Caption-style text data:
#####
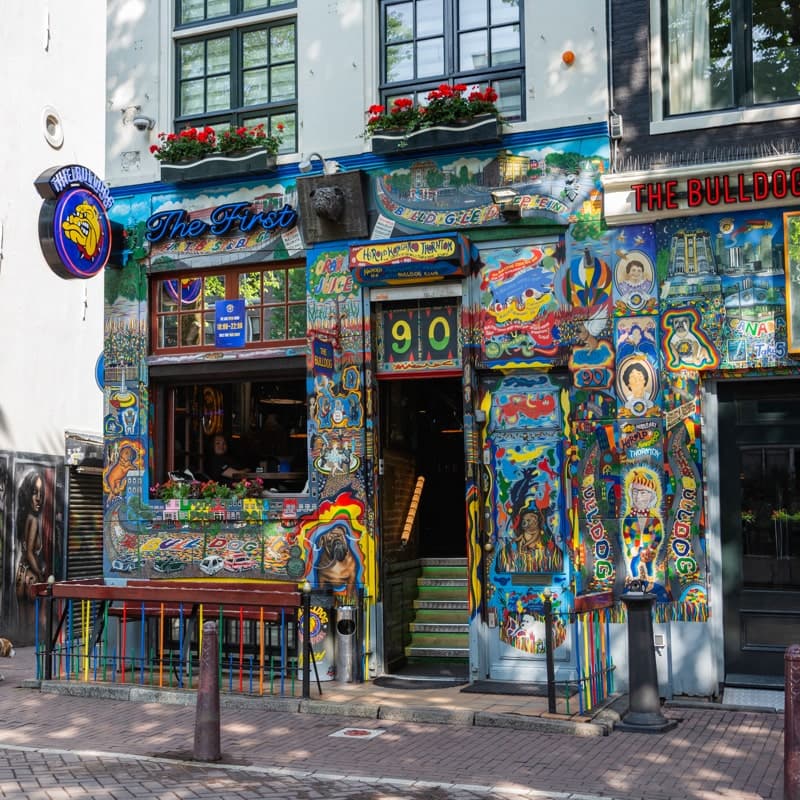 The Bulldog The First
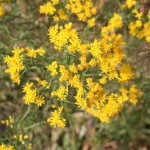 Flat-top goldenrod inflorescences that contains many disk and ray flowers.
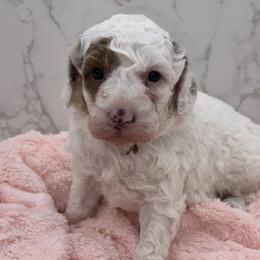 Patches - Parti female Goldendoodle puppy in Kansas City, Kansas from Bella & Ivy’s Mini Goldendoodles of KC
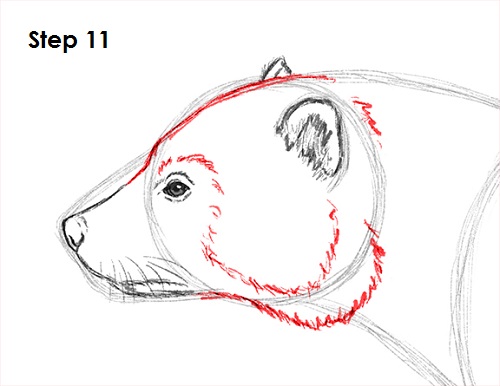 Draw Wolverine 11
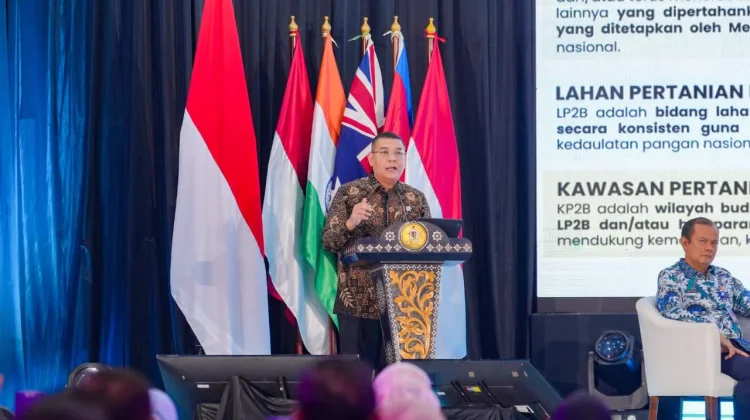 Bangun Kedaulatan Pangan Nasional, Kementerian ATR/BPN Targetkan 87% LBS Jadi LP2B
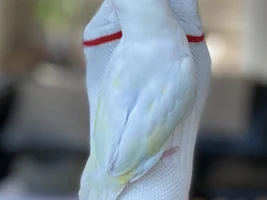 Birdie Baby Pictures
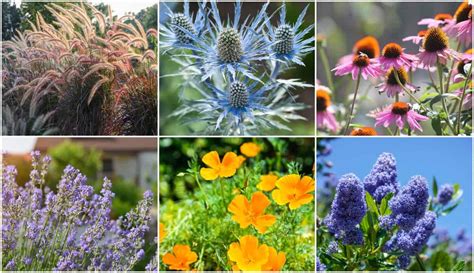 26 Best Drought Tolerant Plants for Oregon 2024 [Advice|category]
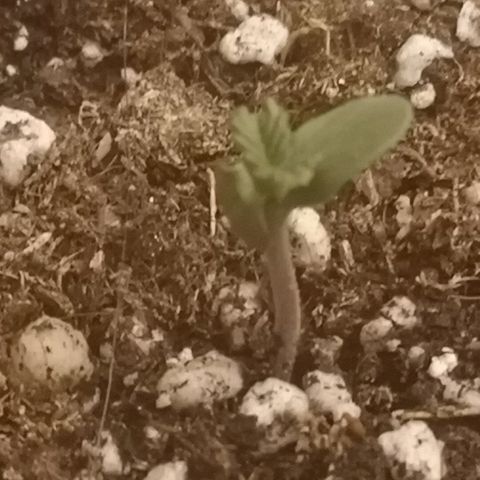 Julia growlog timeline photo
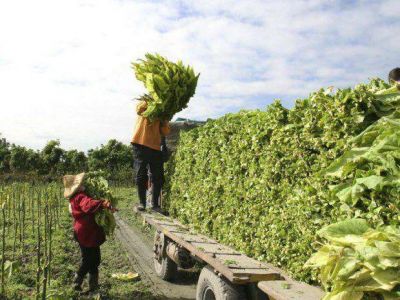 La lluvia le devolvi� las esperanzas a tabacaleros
#####
Exercise goal: Transcribe all the entries precisely. Do not include any picture.

Problem solution:
 The Bulldog The First
 Flat-top goldenrod inflorescences that contains many disk and ray flowers.
 Patches - Parti female Goldendoodle puppy in Kansas City, Kansas from Bella & Ivy’s Mini Goldendoodles of KC
 Draw Wolverine 11
 Bangun Kedaulatan Pangan Nasional, Kementerian ATR/BPN Targetkan 87% LBS Jadi LP2B
 Birdie Baby Pictures
 26 Best Drought Tolerant Plants for Oregon 2024 [Advice|category]
 Julia growlog timeline photo
 La lluvia le devolvi� las esperanzas a tabacaleros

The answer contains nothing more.